A planet gear is preferably used as a gearing, whereby said planet gear comprises an input shaft coupled to the electric motor, an output shaft and a gearing housing coupled to the input shaft and to the output shaft. According to the invention the input shaft, the output shaft and the gearing housing are mounted so as to be rotatable in the carriage, whereby one of the drive elements is coupled to the gearing housing and the other drive element is coupled to the output shaft. It is in principle also possible to couple one of said drive elements or a further drive element to the input shaft. This is the case in particular when a further gearing is integrated within the motor.
The main structure of a planet gear is shown and described for example at http://de.wikepedia.org/wiki/Planetengetriebe. Planet gears typically comprise a planet carrier rotatable about an axis of rotation, having at least one toothed planet wheel arranged on the planet carrier, said planet wheel being coupled on the one hand to a centrally arranged, toothed sun wheel and on the other hand to a hollow wheel having an inner toothing. The planet wheels rotate around the sun wheel and thereby roll on the inner toothing of the hollow wheel. If the hollow wheel is held stationary, a certain number of rotations of the planet wheels and thus a corresponding number of rotations of the sun wheel arise with each rotation of the planet carrier. If the output shaft is held stationary with the sun wheel, the hollow wheel rotates on the other hand.
According to the invention the planet gear is installed and mounted such that all parts are mounted so that they can rotate. The hollow wheel and the output shaft are thus driven by the drive motor and the input shaft and are each equipped with a preferably toothed first or second drive element.
The input shaft or the output shaft can thereby be coupled to the planet wheels or the carrier thereof or to the sun wheel. The hollow wheel is fixedly connected to the housing of the planet gear, which thus rotates at the same angular speed as the hollow wheel. The rotation axes of the input shaft, the output shaft and the gearing housing preferably extend coaxially with each other, meaning that the drive device can have an extraordinarily compact structure.
The drive device is preferably incorporated into the carriage such that the rotation axes of the output shaft and of the gearing housing are perpendicular to the main axis of the rail and preferably perpendicular or parallel to the rotation axes of the running wheels. The drive device can therefore be integrated into the carriage in a horizontal, longitudinal, transverse or vertical position. The drive elements can thereby effect in varied ways, directly or indirectly, the displacement and rotation of the separation element or the drive of the carriage.
Two conductor rails are preferably provided within the rail, which are contacted by electrical contacts provided laterally on the carriage or on top of the carriage. Furthermore the drive device can also be supplied by an accumulator integrated into the carriage.

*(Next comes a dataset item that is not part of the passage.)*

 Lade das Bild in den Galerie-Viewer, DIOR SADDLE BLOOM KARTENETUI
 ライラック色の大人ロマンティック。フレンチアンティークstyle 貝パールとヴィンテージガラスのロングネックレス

In a further preferred embodiment a mounting shaft serving to hold a separation element is mounted so as to be rotatable in the carriage body and arranged parallel to the output shaft, said mounting shaft being coupled via a preferably toothed connection element to the second drive element. The mounting of the separation element is thus decoupled from the drive device, which merely causes the rotation of the separation element via the second drive element. However, it is also possible for the separation element to be connected to the output shaft in a direct, rotatable or fixed way.
If the separation element is fixedly connected to the output shaft, it is rotated together with the output shaft. If the separation element is connected in a rotatable way to the output shaft, said separation element is driven via further cog wheels.
However, the use of a separate mounting shaft, by means of which the separation element is held, has the advantage that the mounting shaft can be connected to a cog wheel or to a segment of a cog wheel, which is driven by the second drive element with the desired transmission ratio. Heavier separation elements are thereby also successfully rotated.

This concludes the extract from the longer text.